Experience and Expression: Reading Chinese Literature Across Genres
Talk by Ronald Egan, Stanford University
Tuesday, Feb. 7, 2 p.m.
Free
What are the effects that genre has upon expression in traditional Chinese literature? We rarely read an author across genres, that is, when he or she is writing on the same topic in multiple literary forms. Even when such a possibility exists, as it often does with post-Tang period writers, we still tend to read our authors one genre at a time; most individuals’ literary collections and anthologies are organized by genre, for example. But if we discard this habit, no longer privileging genre in how we approach Chinese literature, we may discover how differently the same topic can be treated by a single writer in different literary forms, whose choice was probably a consequence of occasion if not pure whimsy.
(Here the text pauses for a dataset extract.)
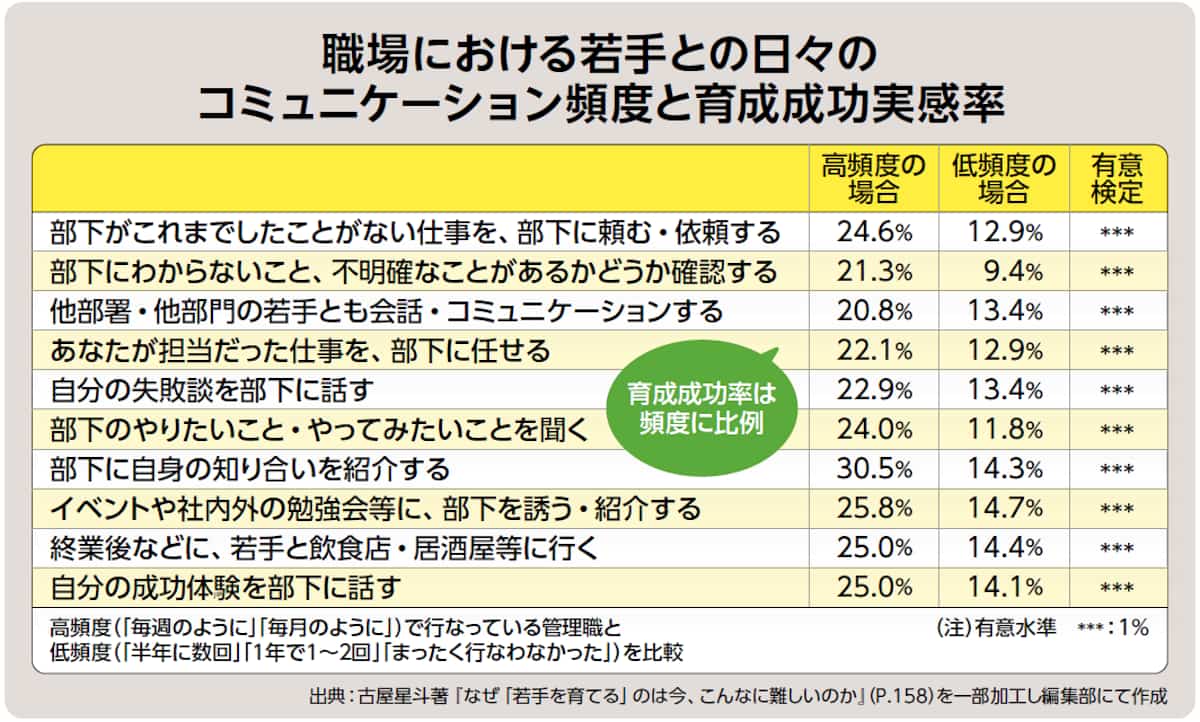 コミュニケーション頻度と育成成功実感率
This way of reading enhances our understanding of both the proclivities and the limitations of each literary genre. This talk considers instances in which Su Shi (1037-1101) wrote on the same topic in different forms as case studies in this methodology of reading across genre.
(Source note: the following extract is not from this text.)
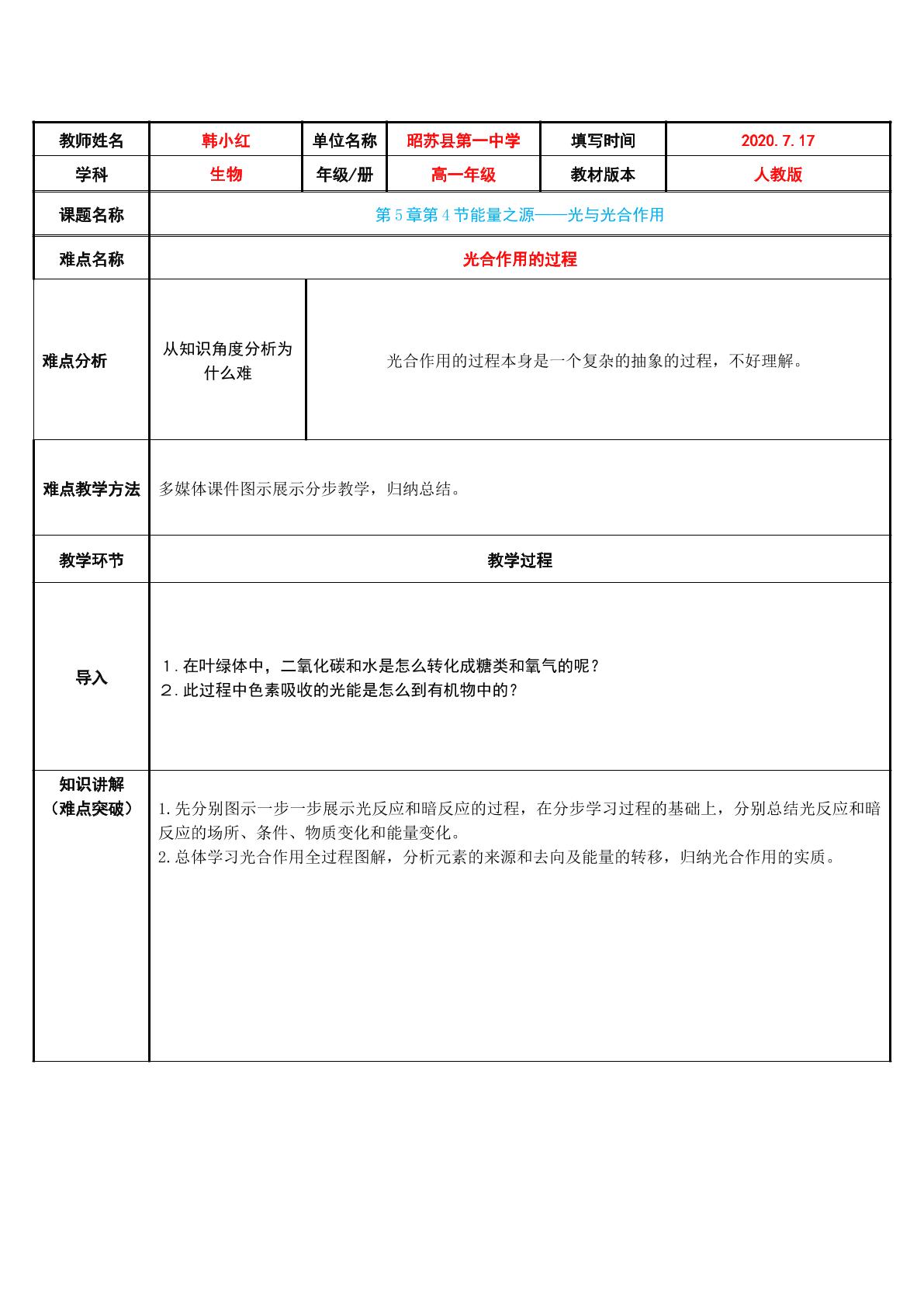 光合作用的过程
Ronald Egan is Stanford W. Ascherman, M.D. Professor of Sinology at Stanford University. He works on Chinese literature and aesthetics of the middle period of imperial Chinese history. He is the translator of selected essays from Qian Zhongshu’s Guanzhui bian (which appeared as Limited Views: Essays on Ideas and Letters by Qian Zhongshu) and The Burden of Female Talent: The Poet Li Qingzhao and Her History in China.